In the normal course of scanning for open/exposed/vulnerable Amazon S3 buckets, I discovered a bucket containing roughly 3,000 imaged of Permanent Account Number (PAN) cards and National ID (Aadhaar) cards from India.

After concluding the images and PDFs appeared to be sensitive identification documents I immediately attempted to make contact with India's CERT team to notify them of this data leak. I can confirm roughly 3 weeks after notice was provided that action has been taken to secure the S3 bucket.

It is unclear who the owner of the Amazon S3 bucket is/was. From the types of documents being added, the frequency, and from how some of the images look -- my best guess is that some type of scanner was set to upload (or backup) files to this S3 bucket.

I would like to thank India's CERT team for their assistance in securing this S3 bucket.

Incident Timeline:

Date Event
December 1, 2018 Open bucket discovered.
December 2, 2018 Email sent to India's CERT team.
December 2, 2018 Acknowledgement email from India's CERT team with a reference number.
December 5, 2018 Follow up email sent.
December 5, 2018 CERT team indicated they are in touch with Amazon.
December 21, 2018 Asked a contact for assistance with resolving this issue.
December 22, 2018 CERT tean confirms the S3 bucket is now secured.

What's in the bucket:

The S3 bucket contained roughly 4,800+ files -- mostly images, but it also contained PDFs.

An example file path is:
/private-documents/absolutegenericdocument-1/2018/7/7/JPEG_2018_06_29_17_20_27_-90041938.jpg

The "absolutegenericdocument-" level folder had 4 folders that contained distinctly different types of documents.

Within each of the "absolutegenericdocument-" level folders the documents were organized by year/month/day/file.

Side note: The irony of a an S3 bucket full of sensitive data being named things like "private-documents" and "absolutegenericdocument" is not lost on me. They could have named the folders something like "totally-meant-to-leak-this".

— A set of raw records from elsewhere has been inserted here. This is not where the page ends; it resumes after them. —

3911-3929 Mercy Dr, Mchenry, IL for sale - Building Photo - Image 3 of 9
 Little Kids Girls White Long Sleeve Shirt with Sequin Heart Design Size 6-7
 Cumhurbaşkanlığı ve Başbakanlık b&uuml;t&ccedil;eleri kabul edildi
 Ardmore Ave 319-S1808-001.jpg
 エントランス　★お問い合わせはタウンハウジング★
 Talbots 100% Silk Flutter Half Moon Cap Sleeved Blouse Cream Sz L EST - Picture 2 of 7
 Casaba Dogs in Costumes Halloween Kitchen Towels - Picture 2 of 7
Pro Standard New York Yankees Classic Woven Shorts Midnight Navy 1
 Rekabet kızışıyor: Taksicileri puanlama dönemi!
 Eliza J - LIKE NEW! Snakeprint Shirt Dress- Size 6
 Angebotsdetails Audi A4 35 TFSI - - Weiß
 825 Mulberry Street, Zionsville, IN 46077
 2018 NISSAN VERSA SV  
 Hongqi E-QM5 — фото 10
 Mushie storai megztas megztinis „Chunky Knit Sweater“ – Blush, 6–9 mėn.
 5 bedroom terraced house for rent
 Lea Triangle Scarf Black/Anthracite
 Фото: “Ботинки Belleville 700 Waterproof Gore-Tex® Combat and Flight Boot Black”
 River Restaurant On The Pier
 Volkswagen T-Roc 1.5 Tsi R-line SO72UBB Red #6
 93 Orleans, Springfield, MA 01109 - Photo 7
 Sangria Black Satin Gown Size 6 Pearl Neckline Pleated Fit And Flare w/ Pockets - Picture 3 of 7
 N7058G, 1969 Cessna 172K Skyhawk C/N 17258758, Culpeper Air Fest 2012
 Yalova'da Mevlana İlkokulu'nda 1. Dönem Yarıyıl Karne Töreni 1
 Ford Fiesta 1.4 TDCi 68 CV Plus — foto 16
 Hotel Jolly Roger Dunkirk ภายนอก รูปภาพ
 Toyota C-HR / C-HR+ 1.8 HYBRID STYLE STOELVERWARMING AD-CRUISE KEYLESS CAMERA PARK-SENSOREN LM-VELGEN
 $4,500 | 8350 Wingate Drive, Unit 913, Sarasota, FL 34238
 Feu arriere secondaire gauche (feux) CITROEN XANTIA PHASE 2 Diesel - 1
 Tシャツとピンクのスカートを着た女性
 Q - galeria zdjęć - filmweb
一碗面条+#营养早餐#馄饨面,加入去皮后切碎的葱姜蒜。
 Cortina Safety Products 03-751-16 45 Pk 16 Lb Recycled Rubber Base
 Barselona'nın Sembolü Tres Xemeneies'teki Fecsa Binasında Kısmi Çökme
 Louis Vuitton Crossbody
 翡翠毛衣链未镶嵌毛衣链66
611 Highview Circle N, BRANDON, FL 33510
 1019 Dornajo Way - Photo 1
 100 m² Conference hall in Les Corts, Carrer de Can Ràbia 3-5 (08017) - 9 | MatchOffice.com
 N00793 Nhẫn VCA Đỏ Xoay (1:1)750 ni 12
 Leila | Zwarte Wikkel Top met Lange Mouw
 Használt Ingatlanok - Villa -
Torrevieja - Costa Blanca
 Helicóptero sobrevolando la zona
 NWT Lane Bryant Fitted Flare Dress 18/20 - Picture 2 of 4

The "absolutegenericdocument-1" folder appeared to contain primarily images of Permanent Account Number (PAN) cards. It also contains some PDFs of images as well.
Document count: 1,142 images

absolutegenericdocument-1_redact2

The "absolutegenericdocument-2" folder appeared to contain images of India‘s national ID card known as “Aadhaar”.
Document count: 1,109 images.

absolutegenericdocument-2_redact

The "absolutegenericdocument-3" folder appears to contain miscellaneous images of people, mostly "head shots" -- like the type of photo you'd use for an ID
Document count: 1,082 images.

The "absolutegenericdocument-4" folder appears to contain "pay in slips" PDFs.
Document count: 942 PDFs.

absolutegenericdocument-4

The S3 bucket was still being actively updated with new images as of December 21st -- the date I received assistance from a contact who helped me escalate this report.